But for this to be true, we would need to use the direct-eval
detection hack I mentioned previously.

  • easier to read (to my eye)
  • it "feels" more correct to me in context of the when-using-send- value rule

These are subjective enough there's no point in arguing. I hear ya.

Pros for (yield E):

  • consistent with python
  • doesn't present any is-it-a-function? ambiguities

These are more objective (no look & feel ;-). There is a borrowing
from Python. There isn't a function call going on.

# Igor Bukanov (16 years ago)

2009/5/17 Brendan Eich <brendan at mozilla.com>:

One of the appealing (at least to me) aspects of Neil's suggestion was that it would avoid opt-in versioning required by reserving yield (which is used in extant web content, or was when we tried reserving it without opt-in versioning -- the particular use was as a formal parameter name, used as a flag not a function).

This yield-like-eval proposal also requires to have a special function to create a generator since yield (as implemented in SpiderMonkey and in Python) is used both to implement the yielding action and to indicate that the function is a generator.

The latter is necessary as a call to a function with yield somewhere in the body creates a generator, it does not execute one. For that reason the compiler must know what yield means, it can not wait for a runtime check.

The remedy for this is simple - the generator can be created using explicit call like Generator(f, arg1, ... argN). This would turn any function into a generator and would allow for runtime checks for eval. The plus side of this is that an empty generator can be created with a straightforward:

Generator(function() {})

and not with a rather unnatural

(function() { if (false) yield; })()

Igor

# P T Withington (16 years ago)

On 2009-05-17, at 14:00EDT, Brendan Eich wrote:

those painful and fruitless parentheses

Sometimes those parentheses are comforting, not painful. How many
times in JS do you see:

typeof(foo)

or in C.*

sizeof(boo)

# Brendan Eich (16 years ago)

On May 18, 2009, at 5:56 AM, P T Withington wrote:

On 2009-05-17, at 14:00EDT, Brendan Eich wrote:

those painful and fruitless parentheses

Sometimes those parentheses are comforting, not painful. How many
times in JS do you see:

typeof(foo)

or in C.*

sizeof(boo)

Or even return(wahhh); -- a sign of weakness in the old days, among
kernel hackers :-P.

Making them mandatory is the issue. You can derive whatever comfort
you want from 'em, but they are not required and we're not going to
start requiring them for return, delete, or typeof. So mandating
parentheses for yield is kind of wrong. Obviously the issue would go
away if the precedence where the same as delete and typeof. Hence
"kind of".

# Brendan Eich (16 years ago)

On May 18, 2009, at 2:25 AM, Igor Bukanov wrote:

The remedy for this is simple - the generator can be created using explicit call like Generator(f, arg1, ... argN).

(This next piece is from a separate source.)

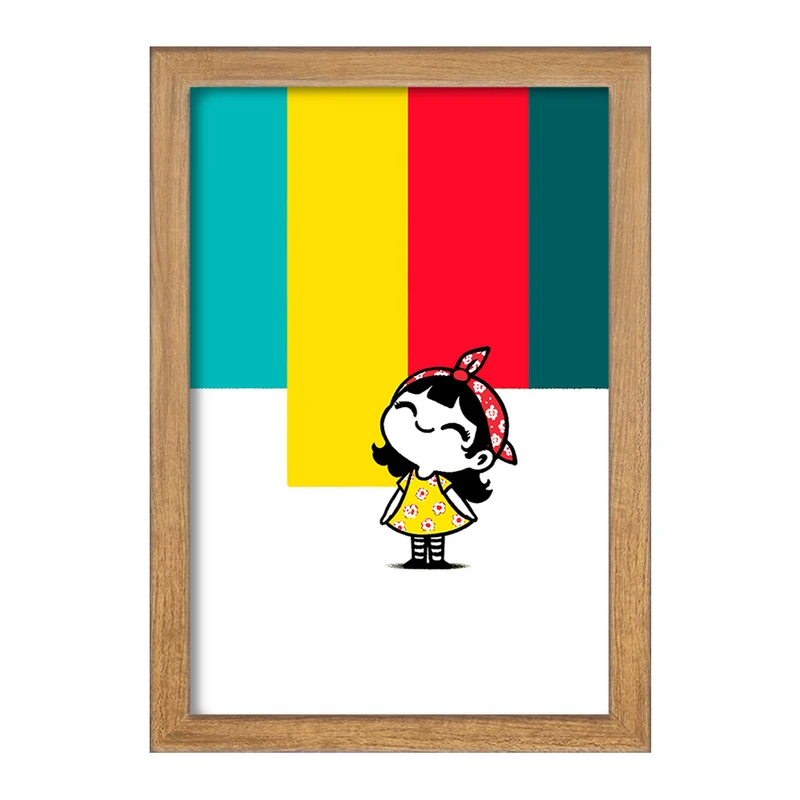 تابلو خندالو مدل دخترانه کودکانه کد F11687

This would turn any function into a generator and would allow for runtime checks for eval.

You mean yield, not eval, right?

The plus side of this is that an empty generator can be created with a straightforward:

Generator(function() {})

and not with a rather unnatural

(function() { if (false) yield; })()

No one makes empty generators.

I think this cure is worse than the disease! The problem of yield's
precedence can be solved by mandating parenthesization as Python does
-- or if ugliness prevails, as Neil proposes :-P. It doesn't need more
runtime magic machinery and global constructors that are otherwise
unmotivated.

# Neil Mix (16 years ago)

Nothing prevents you from writing yield(E) of course -- but you're
arguing that foo(a = yield(b), c) should be enough, no extra parens
required -- no foo(a = (yield(b)), c). Right?

Yes that's correct.

Pros for yield(E):

  • backward compatible

But for this to be true, we would need to use the direct-eval
detection hack I mentioned previously.

On the plus side, this would allow for feature detection of generator
support, right? (Is there any other way to detect generator support?)

  • easier to read (to my eye)
  • it "feels" more correct to me in context of the when-using-send- value rule

These are subjective enough there's no point in arguing. I hear ya.

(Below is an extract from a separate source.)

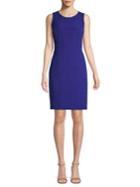 Kasper Jewel-neck Sheath Dress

Yes, one man's opinion and experience. If others chimed in claiming
the opposite experience, obviously my argument would be moot. But I
hope I'm providing a decent "average hacker" POV for you.

Pros for (yield E):

  • consistent with python
  • doesn't present any is-it-a-function? ambiguities

These are more objective (no look & feel ;-). There is a borrowing
from Python. There isn't a function call going on.

Agreed. If look-and-feel weren't factors, I wouldn't have brought it
up. ;)

# Igor Bukanov (16 years ago)

2009/5/18 Brendan Eich <brendan at mozilla.com>:

On May 18, 2009, at 2:25 AM, Igor Bukanov wrote:

The remedy for this is simple - the generator can be created using explicit call like Generator(f, arg1, ... argN). This would turn any function into a generator and would allow for runtime checks for eval.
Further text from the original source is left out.